By Joshua Rhett Miller October 17, 2016 | 11:02am
A top North Korean official is warning that the isolated nation is ready to launch a pre-emptive nuclear strike on the US if necessary, NBC News reported Monday.
“The US has nuclear weapons off our coast, targeting our country, our capital and our dear leader, Kim Jong Un,” Lee Yong Pil, director of the Foreign Ministry’s Institute for American Studies, told NBC News. “We will not step back as long as there’s a nuclear threat to us from the United States.”
Lee said the US does not have a “monopoly” on pre-emptive nuclear strikes.
“If we see that the US would do it to us, we would do it first,” Lee said. “We have the technology.”
North Korea may also conduct more nuclear tests, including a “sixth, a seventh or an eighth” trial, Lee said, adding that the hardened stance comes amid “increasingly aggressive” drills by the US and South Korea.
Lee’s comment comes as North Korea conducted its fifth nuclear test month last month. In all, the nation has launched more than 20 ballistic missiles this year in an attempt to improve the delivery system for nuclear weapons, CBS News reported.
Lee said sanctions from the United Nations or pressure from the US would not stop North Korea’s effort to build a nuclear arsenal.
“We have to have nuclear weapons to protect our country, and it’s our policy to go nuclear,” Lee told NBC News.

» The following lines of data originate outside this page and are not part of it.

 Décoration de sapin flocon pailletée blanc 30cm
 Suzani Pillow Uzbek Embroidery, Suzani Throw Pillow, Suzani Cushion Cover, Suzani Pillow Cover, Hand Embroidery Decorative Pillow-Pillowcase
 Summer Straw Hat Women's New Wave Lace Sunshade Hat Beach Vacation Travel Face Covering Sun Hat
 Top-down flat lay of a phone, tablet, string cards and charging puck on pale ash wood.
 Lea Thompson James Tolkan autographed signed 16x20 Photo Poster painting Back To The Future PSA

Meanwhile, another North Korean official told NBC News that Pyongyang already has the capability to fire rockets that could reach the US mainland — something US and South Korean officials have said isn’t the case.

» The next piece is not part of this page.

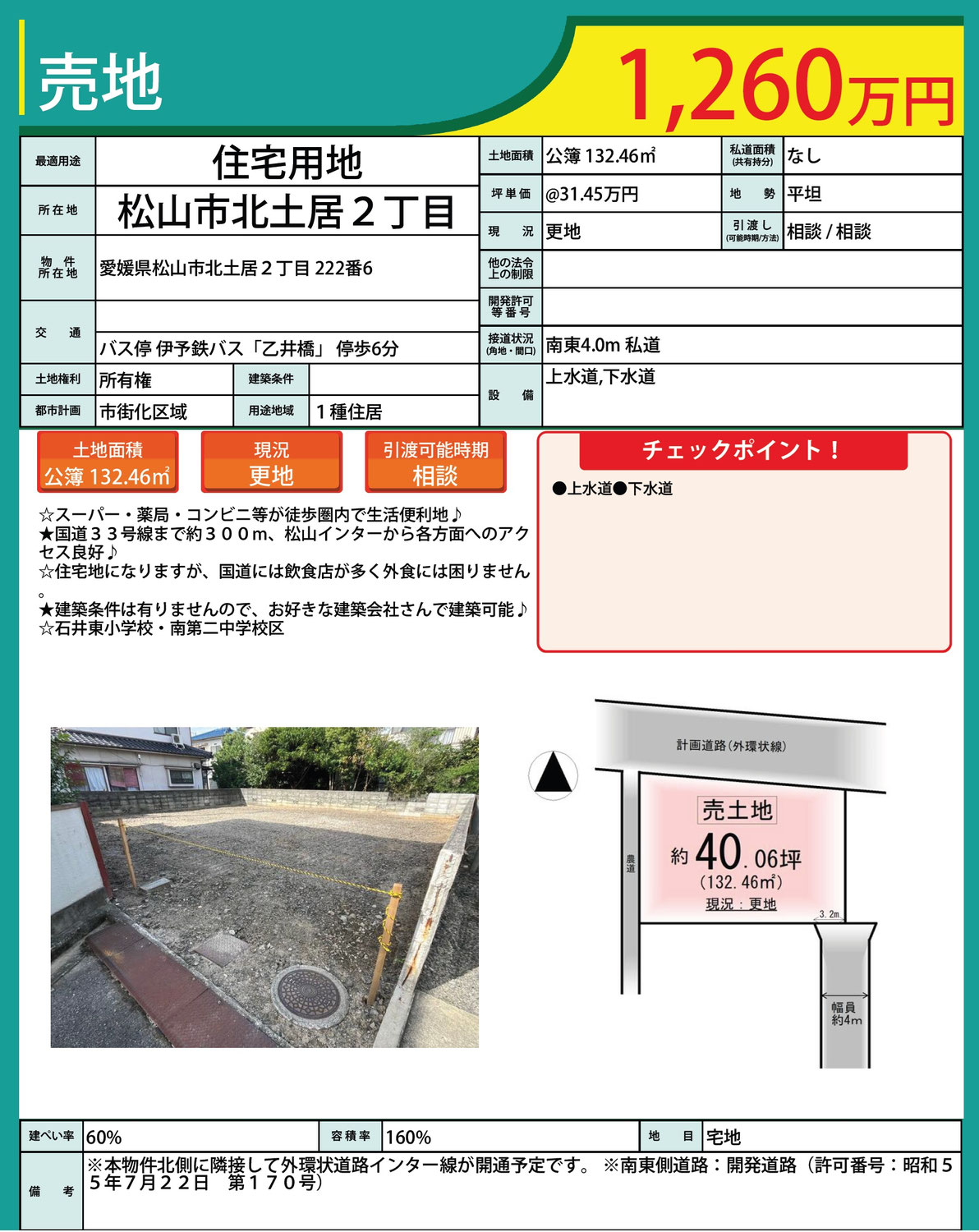 北土居2丁目　売土地価格改定のお知らせ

Hwang Yongnam, who is authorized to speak about North Korea’s missile program, said Pentagon officials are lying when they say North Korea can’t reach the continental US with a weapon.
But going nuclear isn’t the only lofty ambition for the hermit kingdom. Another North Korean official said Pyongyang is also launching rockets to send satellites into space.
“In the future, our goal is not just going to the moon, but to other planets,” Ri Won Hyok, a senior official for North Korea’s space program, told NBC News.
Ri denied claims that North Korea’s rocket program had been helped by the Russians or Iranians, saying “it’s 100 percent our own.”
US officials believe that North Korea’s launches thus far have not included any fully functioning satellites.
North Korea’s ballistic program took a step backward Saturday, when a ballistic missile fired from an airfield in the western city of Kusong immediately exploded after launch. Bloomberg.com reports the projectile was believed to be a mid-range weapon capable of hitting US military bases in Guam or Japan, likely a Musudan missile.
“The failed launch shows North Korea’s launch capability isn’t perfect, so Kim Jong Un might fire a Musudan again or any other missile soon given his temper,” Yoo Dong Ryul, president of Korea Institute of Liberal Democracy in Seoul, told Bloomberg.
The “illegal provocation,” an apparent violation of United Nations Security Council resolutions, was strongly condemned by South Korea, according to a statement from its Joint Chiefs of Staff.
The US and its allies are looking for stronger measures to counteract North Korea’s nuclear ambitions after sanctions imposed by the Security Council in March failed to slow Pyongyang’s pace.
Saturday’s failed launch has thrust the situation into a “new phase,” Japan’s Defense Minister Tomoni Inada said on a television program in Fuji on Sunday. Tokyo is seeking a new response to the threat, Bloomberg reported.